I went out to the States in on December 27th 2008 and stayed for 89 days! Soooo is that my years allowance used up- or can I go out again (say in the next three months) and get a further 90 days?

I have looked on the official websites and it just talks about the balance of 90 days, and not about a fresh allowance of days.

Any ideas guys??


----------



## Fatbrit (May 8, 2008)

jazzelle said:


> As title really-
> 
> I went out to the States in on December 27th 2008 and stayed for 89 days! Soooo is that my years allowance used up- or can I go out again (say in the next three months) and get a further 90 days?
> 
> ...


It doesn't work like that. You can return the next day if you wish....but they might not let you in. The VWP is for tourism, and you are visiting the land of 2 week annual vacations. They are going to start asking questions sooner or later. Why do you need to spend so much time here?


----------



## tomben (Dec 31, 2008)

jazzelle said:


> As title really-
> 
> I went out to the States in on December 27th 2008 and stayed for 89 days! Soooo is that my years allowance used up- or can I go out again (say in the next three months) and get a further 90 days?
> 
> ...


While i was on my H1-B my girlfriend used to come out 3 times a year for 2-3 weeks. She never even exceeded 90 days but on the 3rd time she was taken into an interrogation room at Boston Logan where they shouted at her demanding to know the real reason she was coming over. This is despite the fact that she told them she was just visiting me. They did eventually let her in.

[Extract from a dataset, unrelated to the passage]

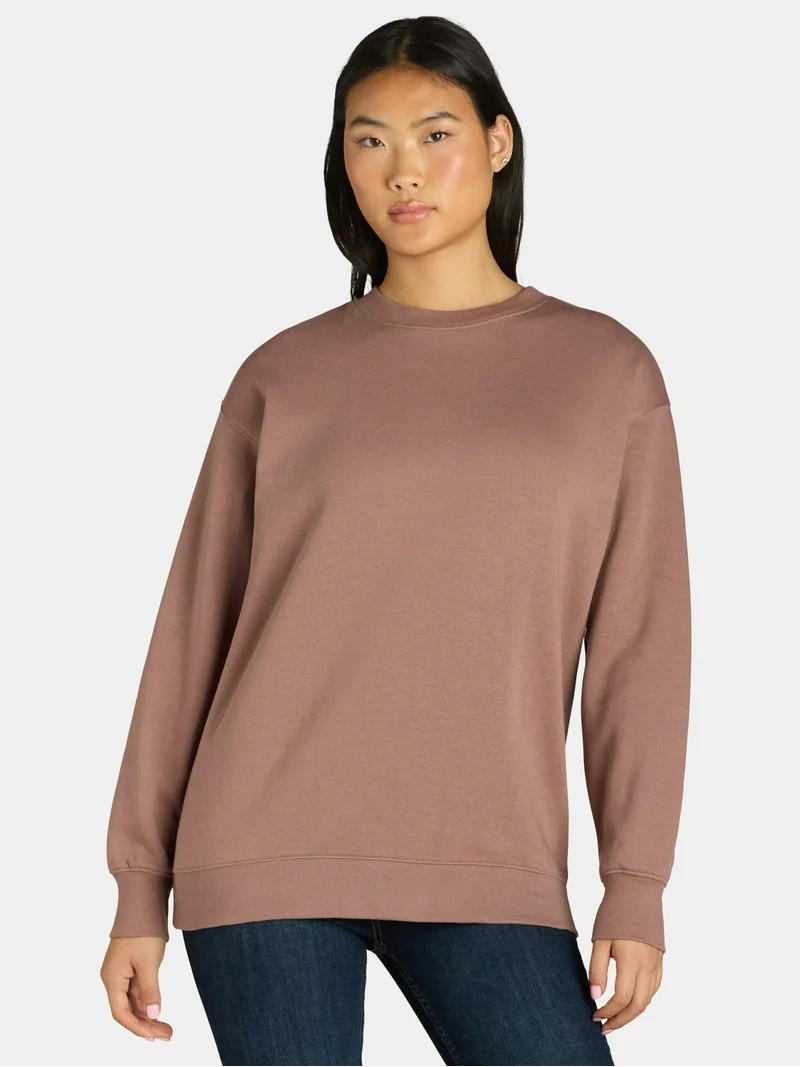 No Boundaries Fleece Oversized Sweatshirt with Long Sleeves, Women’s | Walmart (US)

Just be careful and know that anything can happen.


----------



## twostep (Apr 3, 2008)

VWP does not mean an allotment of 90 days within a given period. The actual time allowed per stay is at the discretion of the immigration officer at point of entry - up to 90 days. A valid reason for this trip and proof of binding ties to the UK such as real estate, employment contract, leases may be necessary.


----------